Notes of Score Diffusion Models (updating)

This is a summary of unified framework of diffusion models by Stochastic Differential Equations (SDE) and the related topics.

Background

In score-based diffusion models , the authors proposed a unified framework that connects the score-based model NCSN and DDPM through the perspective of Stochastic Differential Equations (SDE). They interpret the forward process (adding noise) and the backward process (denoising sampling) as SDE and reverse SDE, respectively.

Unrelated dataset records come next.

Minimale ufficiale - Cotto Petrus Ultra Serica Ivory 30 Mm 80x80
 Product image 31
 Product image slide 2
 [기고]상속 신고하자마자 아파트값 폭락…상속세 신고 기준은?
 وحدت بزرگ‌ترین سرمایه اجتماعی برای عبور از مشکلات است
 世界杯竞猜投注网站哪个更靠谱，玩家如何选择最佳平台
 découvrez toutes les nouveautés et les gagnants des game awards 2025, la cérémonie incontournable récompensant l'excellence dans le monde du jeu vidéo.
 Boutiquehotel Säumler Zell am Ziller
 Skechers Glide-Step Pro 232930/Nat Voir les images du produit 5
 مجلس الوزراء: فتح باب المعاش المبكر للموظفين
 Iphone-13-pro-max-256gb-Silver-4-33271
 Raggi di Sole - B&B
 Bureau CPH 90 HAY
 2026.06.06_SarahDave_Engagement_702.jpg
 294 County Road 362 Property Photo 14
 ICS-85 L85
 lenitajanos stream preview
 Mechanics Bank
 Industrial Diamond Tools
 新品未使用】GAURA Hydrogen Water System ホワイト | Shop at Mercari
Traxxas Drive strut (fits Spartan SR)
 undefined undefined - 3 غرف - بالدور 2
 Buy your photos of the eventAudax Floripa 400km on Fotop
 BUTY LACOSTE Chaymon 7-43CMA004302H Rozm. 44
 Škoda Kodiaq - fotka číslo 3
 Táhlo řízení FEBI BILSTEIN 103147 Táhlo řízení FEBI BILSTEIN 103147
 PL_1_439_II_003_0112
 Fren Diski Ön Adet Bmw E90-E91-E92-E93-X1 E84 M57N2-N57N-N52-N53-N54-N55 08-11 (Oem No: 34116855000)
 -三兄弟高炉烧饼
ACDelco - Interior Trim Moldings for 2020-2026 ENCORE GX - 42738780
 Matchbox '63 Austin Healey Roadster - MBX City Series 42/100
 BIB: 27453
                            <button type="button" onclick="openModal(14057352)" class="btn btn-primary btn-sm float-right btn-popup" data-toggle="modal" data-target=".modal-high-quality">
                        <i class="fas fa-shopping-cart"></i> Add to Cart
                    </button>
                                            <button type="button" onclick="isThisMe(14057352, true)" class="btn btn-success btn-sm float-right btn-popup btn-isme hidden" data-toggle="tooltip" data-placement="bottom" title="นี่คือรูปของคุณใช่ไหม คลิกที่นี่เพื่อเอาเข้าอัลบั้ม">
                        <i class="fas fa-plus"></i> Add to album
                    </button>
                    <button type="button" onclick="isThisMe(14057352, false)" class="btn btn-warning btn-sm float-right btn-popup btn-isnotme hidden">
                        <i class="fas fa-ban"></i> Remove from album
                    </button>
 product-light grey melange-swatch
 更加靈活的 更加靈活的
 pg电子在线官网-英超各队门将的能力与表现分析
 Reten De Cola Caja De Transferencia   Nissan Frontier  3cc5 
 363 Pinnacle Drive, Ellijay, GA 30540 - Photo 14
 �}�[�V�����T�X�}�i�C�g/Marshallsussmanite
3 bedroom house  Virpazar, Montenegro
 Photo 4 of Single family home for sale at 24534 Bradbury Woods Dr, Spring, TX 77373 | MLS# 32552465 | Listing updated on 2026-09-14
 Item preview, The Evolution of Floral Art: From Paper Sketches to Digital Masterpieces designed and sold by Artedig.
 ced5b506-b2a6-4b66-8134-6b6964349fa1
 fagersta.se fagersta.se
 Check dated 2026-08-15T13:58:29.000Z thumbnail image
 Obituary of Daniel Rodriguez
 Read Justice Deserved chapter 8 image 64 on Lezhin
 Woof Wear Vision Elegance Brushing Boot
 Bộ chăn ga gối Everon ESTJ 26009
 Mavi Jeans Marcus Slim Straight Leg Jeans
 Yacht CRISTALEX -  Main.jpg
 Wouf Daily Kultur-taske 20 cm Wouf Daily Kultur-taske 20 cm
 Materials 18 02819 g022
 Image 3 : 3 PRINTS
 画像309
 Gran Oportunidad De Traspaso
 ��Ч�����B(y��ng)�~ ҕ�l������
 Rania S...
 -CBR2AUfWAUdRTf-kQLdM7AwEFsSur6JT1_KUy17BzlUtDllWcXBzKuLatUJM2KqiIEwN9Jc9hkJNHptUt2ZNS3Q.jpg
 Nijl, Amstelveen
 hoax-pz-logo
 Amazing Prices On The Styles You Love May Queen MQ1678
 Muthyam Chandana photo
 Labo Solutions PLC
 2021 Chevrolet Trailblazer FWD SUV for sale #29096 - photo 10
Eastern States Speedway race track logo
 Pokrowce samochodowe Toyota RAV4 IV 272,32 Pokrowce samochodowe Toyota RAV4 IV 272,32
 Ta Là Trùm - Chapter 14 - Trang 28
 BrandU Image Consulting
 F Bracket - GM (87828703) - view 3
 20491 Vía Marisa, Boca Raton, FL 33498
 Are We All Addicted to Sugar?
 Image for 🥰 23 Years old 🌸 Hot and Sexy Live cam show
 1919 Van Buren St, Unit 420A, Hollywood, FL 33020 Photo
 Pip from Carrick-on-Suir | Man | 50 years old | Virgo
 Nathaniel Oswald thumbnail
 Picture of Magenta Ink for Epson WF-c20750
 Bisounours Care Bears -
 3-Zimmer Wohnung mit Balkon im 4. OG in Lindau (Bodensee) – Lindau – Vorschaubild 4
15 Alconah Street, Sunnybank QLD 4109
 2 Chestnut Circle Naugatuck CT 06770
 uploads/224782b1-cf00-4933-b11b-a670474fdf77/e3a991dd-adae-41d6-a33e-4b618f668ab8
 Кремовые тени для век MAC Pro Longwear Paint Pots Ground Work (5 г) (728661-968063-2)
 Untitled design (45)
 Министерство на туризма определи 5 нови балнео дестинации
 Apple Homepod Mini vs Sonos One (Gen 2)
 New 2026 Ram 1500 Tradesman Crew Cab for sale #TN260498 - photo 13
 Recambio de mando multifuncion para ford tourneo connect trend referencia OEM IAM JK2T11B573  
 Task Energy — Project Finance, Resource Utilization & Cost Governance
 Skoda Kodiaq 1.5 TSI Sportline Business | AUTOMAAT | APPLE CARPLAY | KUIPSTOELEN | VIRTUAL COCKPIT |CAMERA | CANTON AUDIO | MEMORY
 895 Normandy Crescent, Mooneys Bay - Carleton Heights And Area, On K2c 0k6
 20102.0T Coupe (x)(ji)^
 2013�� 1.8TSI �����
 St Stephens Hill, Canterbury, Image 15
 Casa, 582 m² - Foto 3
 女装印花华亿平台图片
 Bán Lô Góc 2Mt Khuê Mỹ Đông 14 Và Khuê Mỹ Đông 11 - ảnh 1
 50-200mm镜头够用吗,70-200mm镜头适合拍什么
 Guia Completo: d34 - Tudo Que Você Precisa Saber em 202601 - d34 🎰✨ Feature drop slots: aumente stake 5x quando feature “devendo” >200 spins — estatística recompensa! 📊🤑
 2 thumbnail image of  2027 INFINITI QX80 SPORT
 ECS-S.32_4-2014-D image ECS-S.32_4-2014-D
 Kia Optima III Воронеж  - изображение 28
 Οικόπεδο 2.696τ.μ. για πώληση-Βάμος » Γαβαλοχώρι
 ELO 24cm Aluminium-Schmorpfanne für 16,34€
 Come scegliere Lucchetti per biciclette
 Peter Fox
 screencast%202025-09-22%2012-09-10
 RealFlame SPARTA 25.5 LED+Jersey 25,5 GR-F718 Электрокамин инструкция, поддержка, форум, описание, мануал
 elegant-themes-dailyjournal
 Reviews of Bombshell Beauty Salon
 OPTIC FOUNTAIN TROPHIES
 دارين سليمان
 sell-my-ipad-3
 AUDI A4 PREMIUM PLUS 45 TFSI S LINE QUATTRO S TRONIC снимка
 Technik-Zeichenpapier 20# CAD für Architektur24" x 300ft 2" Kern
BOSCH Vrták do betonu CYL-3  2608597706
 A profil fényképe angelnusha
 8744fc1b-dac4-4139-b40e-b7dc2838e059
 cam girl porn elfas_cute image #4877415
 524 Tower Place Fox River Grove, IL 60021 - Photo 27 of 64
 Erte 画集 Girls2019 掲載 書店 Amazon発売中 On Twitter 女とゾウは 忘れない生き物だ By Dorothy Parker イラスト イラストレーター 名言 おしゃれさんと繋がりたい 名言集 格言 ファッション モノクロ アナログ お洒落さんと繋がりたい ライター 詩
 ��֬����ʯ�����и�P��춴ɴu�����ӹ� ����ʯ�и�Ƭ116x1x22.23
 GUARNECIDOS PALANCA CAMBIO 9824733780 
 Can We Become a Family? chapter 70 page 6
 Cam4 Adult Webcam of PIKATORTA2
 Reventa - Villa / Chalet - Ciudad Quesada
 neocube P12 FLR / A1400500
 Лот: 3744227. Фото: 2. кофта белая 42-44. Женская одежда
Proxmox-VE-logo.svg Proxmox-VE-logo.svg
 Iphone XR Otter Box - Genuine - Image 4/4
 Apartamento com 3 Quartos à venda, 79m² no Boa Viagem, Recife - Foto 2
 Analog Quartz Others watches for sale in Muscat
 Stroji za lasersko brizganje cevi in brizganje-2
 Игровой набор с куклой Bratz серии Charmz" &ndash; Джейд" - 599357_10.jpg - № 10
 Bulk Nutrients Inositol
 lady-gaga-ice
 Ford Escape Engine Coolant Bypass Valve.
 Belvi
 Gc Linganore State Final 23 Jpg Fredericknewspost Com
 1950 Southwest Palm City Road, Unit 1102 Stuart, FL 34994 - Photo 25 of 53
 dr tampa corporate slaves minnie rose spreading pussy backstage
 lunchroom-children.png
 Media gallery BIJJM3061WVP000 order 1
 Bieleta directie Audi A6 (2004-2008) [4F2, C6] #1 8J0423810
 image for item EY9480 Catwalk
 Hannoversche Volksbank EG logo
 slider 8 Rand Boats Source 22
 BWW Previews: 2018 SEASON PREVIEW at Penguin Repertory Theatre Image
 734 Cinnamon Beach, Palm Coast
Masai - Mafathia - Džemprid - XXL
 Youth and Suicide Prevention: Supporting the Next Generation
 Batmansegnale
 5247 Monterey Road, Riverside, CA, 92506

Data Perturbation with Itô SDE

The diffusion process ${\x_t}_{t=0}^T$ from the original input $\x_0$ to Gaussian noise $\x_T$ with continuous time variable $t\in\sbr{0,T}$ can be modeled by the Itô SDE

\[\begin{equation} d\x = \f(\x, t) dt + \bs{G}(\x, t)d\w_t \end{equation}\]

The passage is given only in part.